Its name Song Phi Nong means 'two siblings'. Presumably it refers to the confluence of two watercourses Tha Wa and Chorakhe Sam Phan before flowing to Tha Chin River. There is also another explanation that is a folk tale about two brothers or two elephants that are siblings.

Geography
Neighboring districts are (from the north clockwise): U Thong and Bang Pla Ma of Suphan Buri Province; Lat Bua Luang of Ayutthaya province; Bang Len and Kamphaeng Saen of Nakhon Pathom province; and Tha Maka and Phanom Thuan of Kanchanaburi province.

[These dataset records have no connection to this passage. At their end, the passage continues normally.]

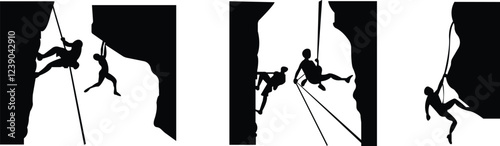 Descending on rope,Rock climbers silhouette collection vector,Hill conquers with equipments try to reach on top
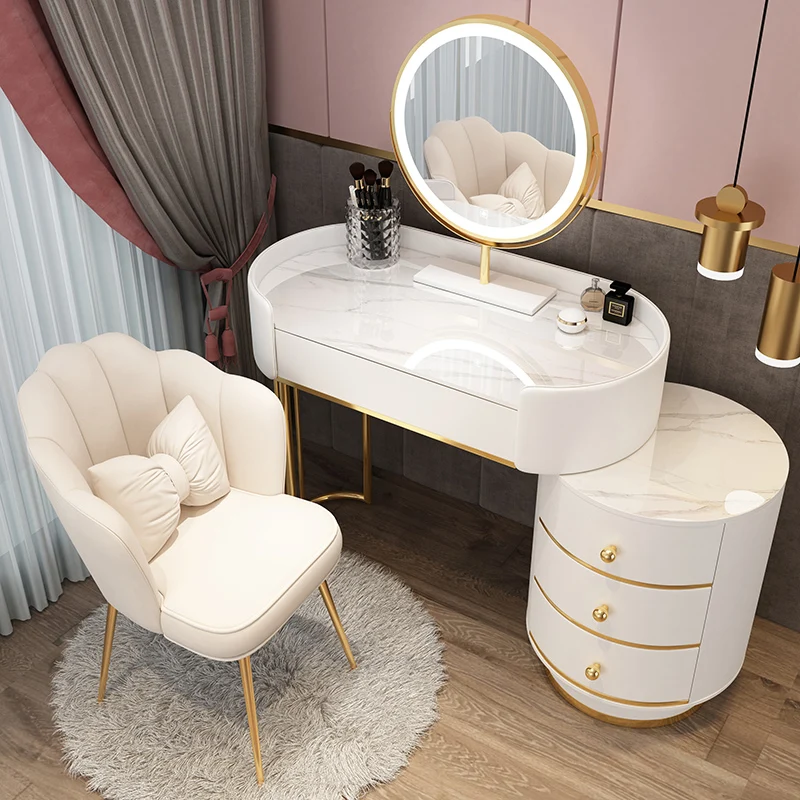 

Wood Aesthetic Gold Dresser Drawers Luxury Nordic Vanity Mirror Dressing Table Wooden Modern Schminktisch Furniture For Bedroom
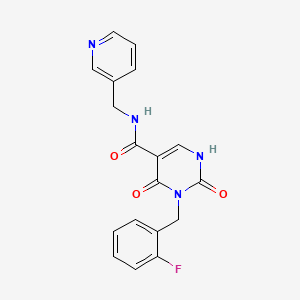 molecular formula C18H15FN4O3 B2698503 3-(2-氟苄基)-2,4-二氧代-N-(吡啶-3-基甲基)-1,2,3,4-四氢嘧啶-5-甲酰胺 CAS No. 1396867-19-8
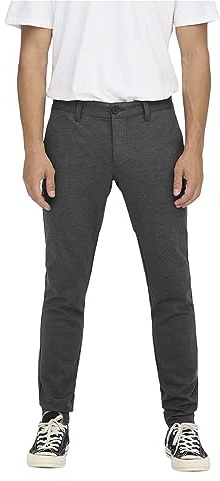ONLY & SONS Herren Chino Hose ONSMARK 2911 - Slim Fit - Schwarz W28-W38 Stretch, Größe:34W / 34L, Farbe:Black 22022911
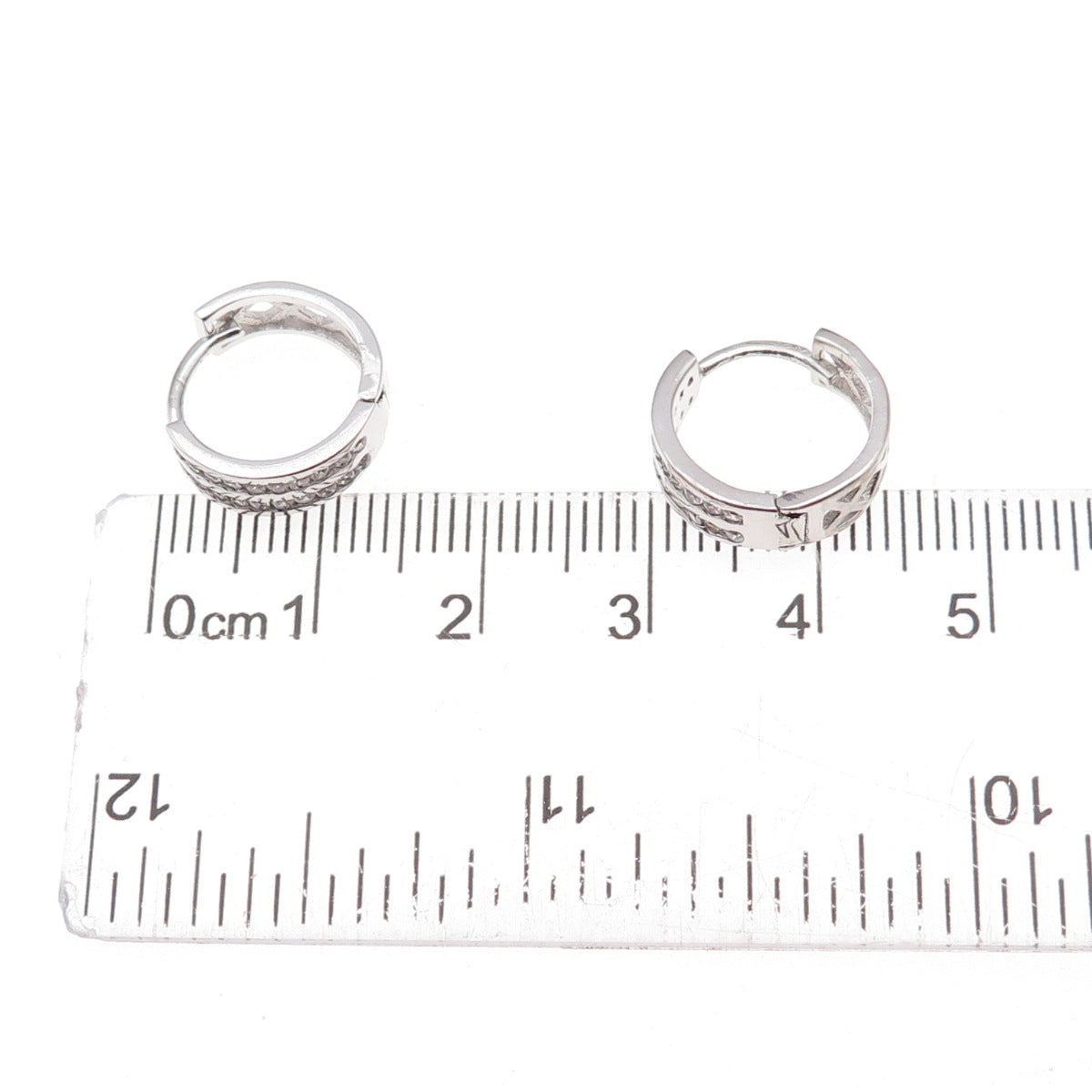 925 Sterling Silver Round-Cut C Z Hoop Earrings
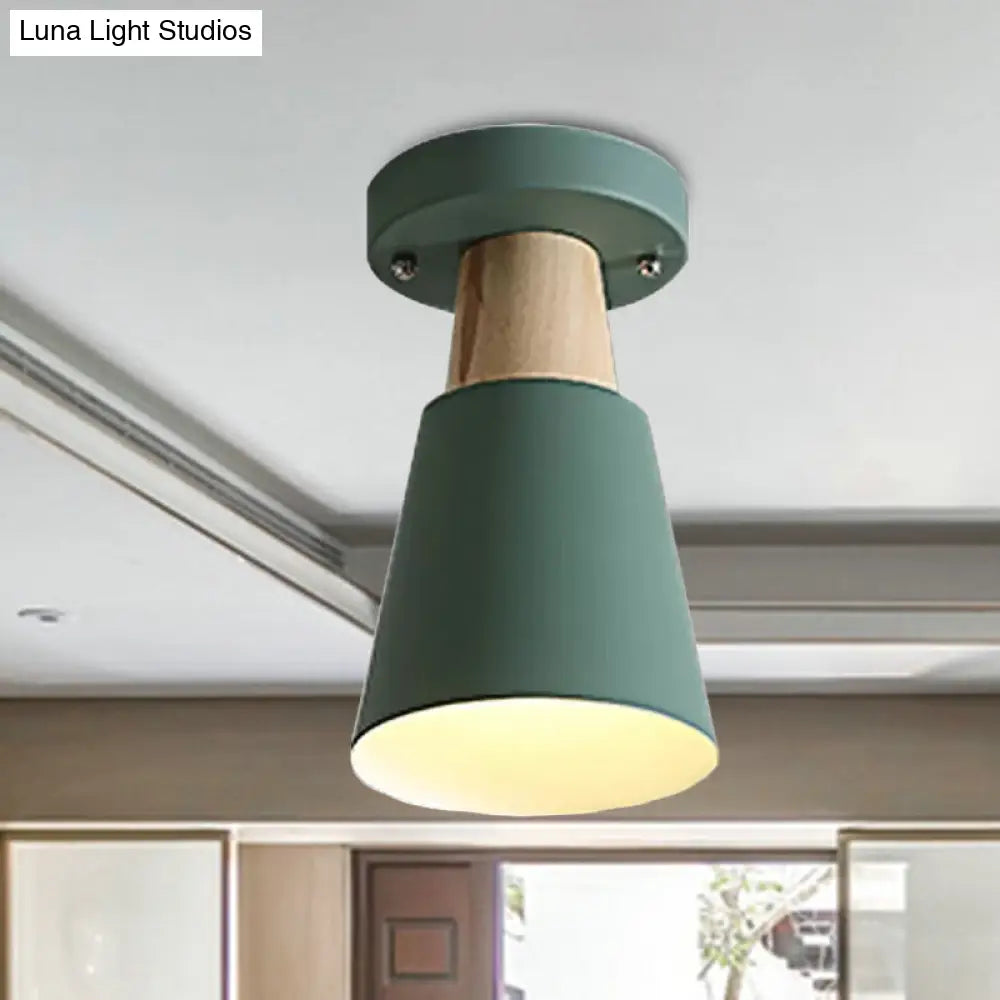 DecorBites™ DecorBites™ Sleek Macaron Conic Semi Flushmount Light - Grey/Pink/Yellow/Green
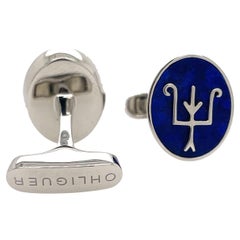 Namesake Cufflinks in Lapis and Platinum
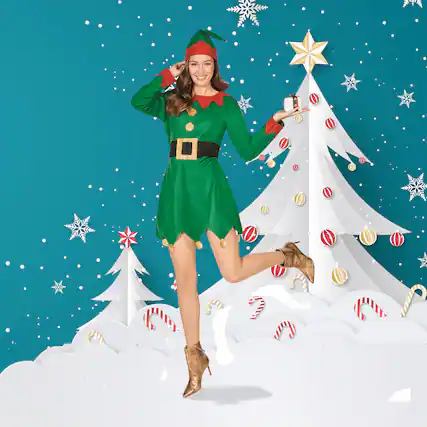 Front. Northlight - Red and Green Woman's Elf Christmas Costume - Large - Red.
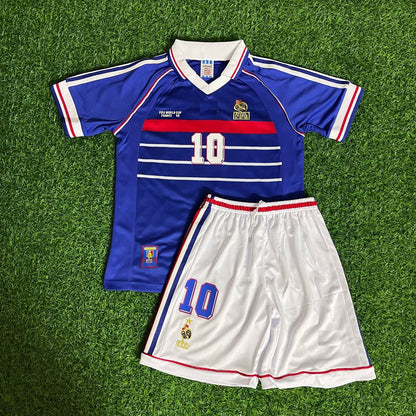 Zinedine Zidane France 1998 Home Kids Kit Football Jersey Kit for Children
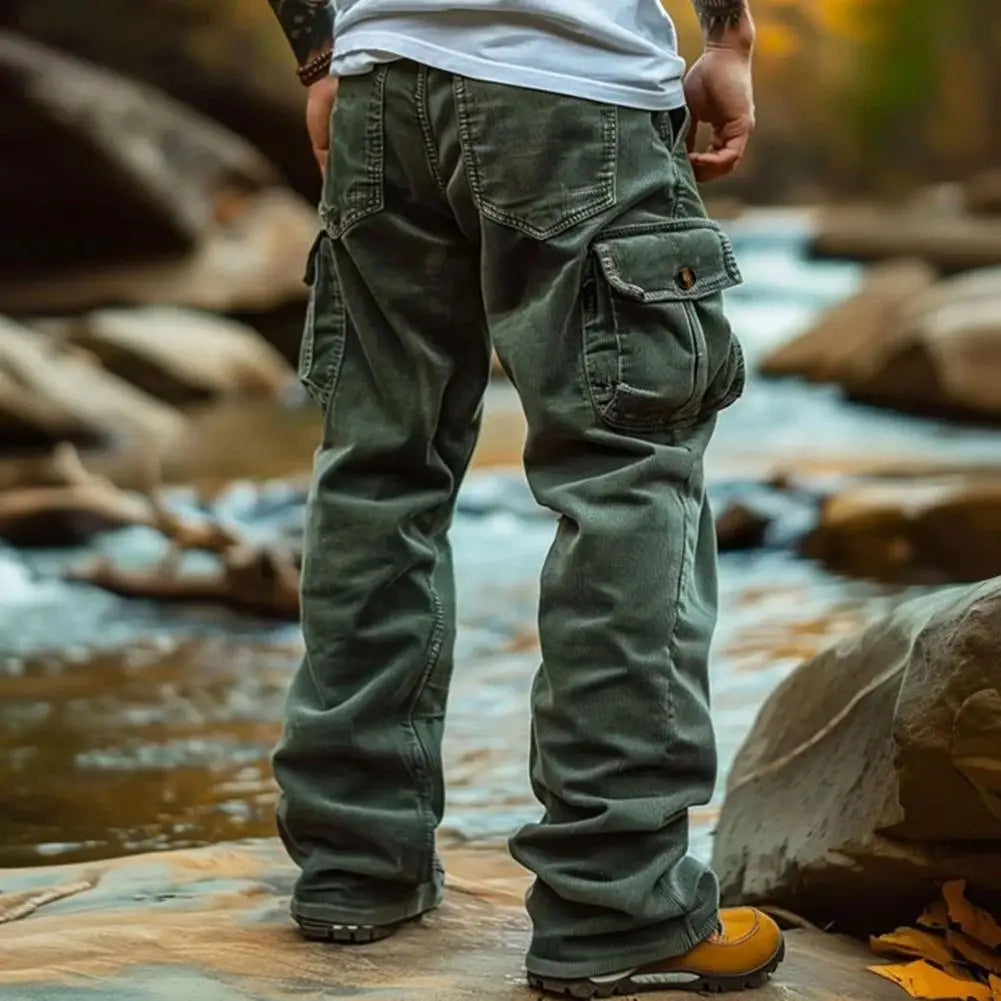 Corduroy Men Cargo Pants Casual Pants Men's Retro Loose Tooling Pants 3D Multi-pocket Casual Loose Trousers Cool Male Overalls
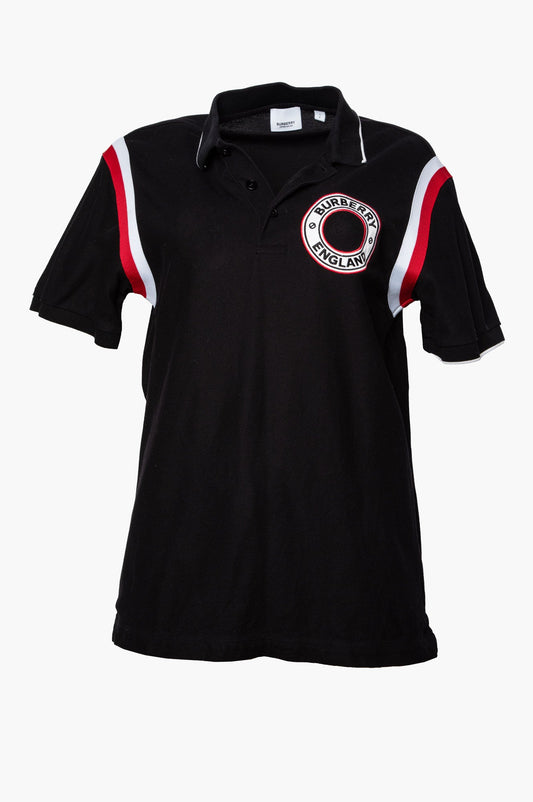 Burberry Black Cotton Graphic Appliqué Polo Shirt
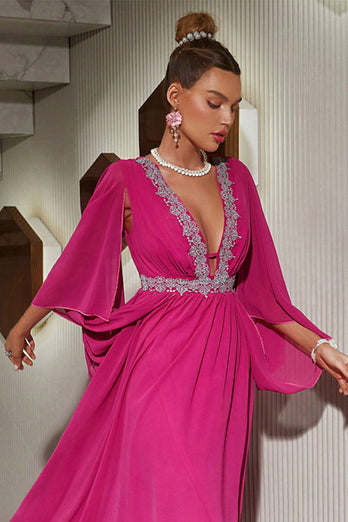 Hot Pink Deep V-neck Formal Dress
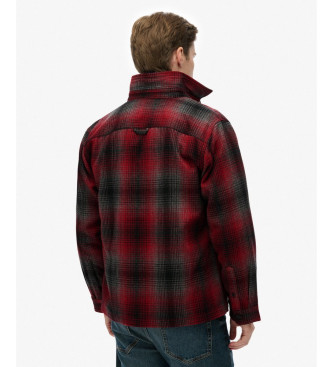 Superdry Bluza Wool Miller Overshirt czerwona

The main water resource of the district is the Tha Chin River or Suphan River.

Administration

Central administration
Song Phi Nong is divided into 15 subdistricts (tambons), which are further subdivided into 140 administrative villages (mubans).

Local administration
There is one town (thesaban mueang) in the district:
 Song Phi Nong (Thai: ) consisting of subdistrict Song Phi Nong.

There is one subdistrict municipality (thesaban tambon) in the district:
 Thung Khok (Thai: ) consisting of parts of subdistrict Thung Khok.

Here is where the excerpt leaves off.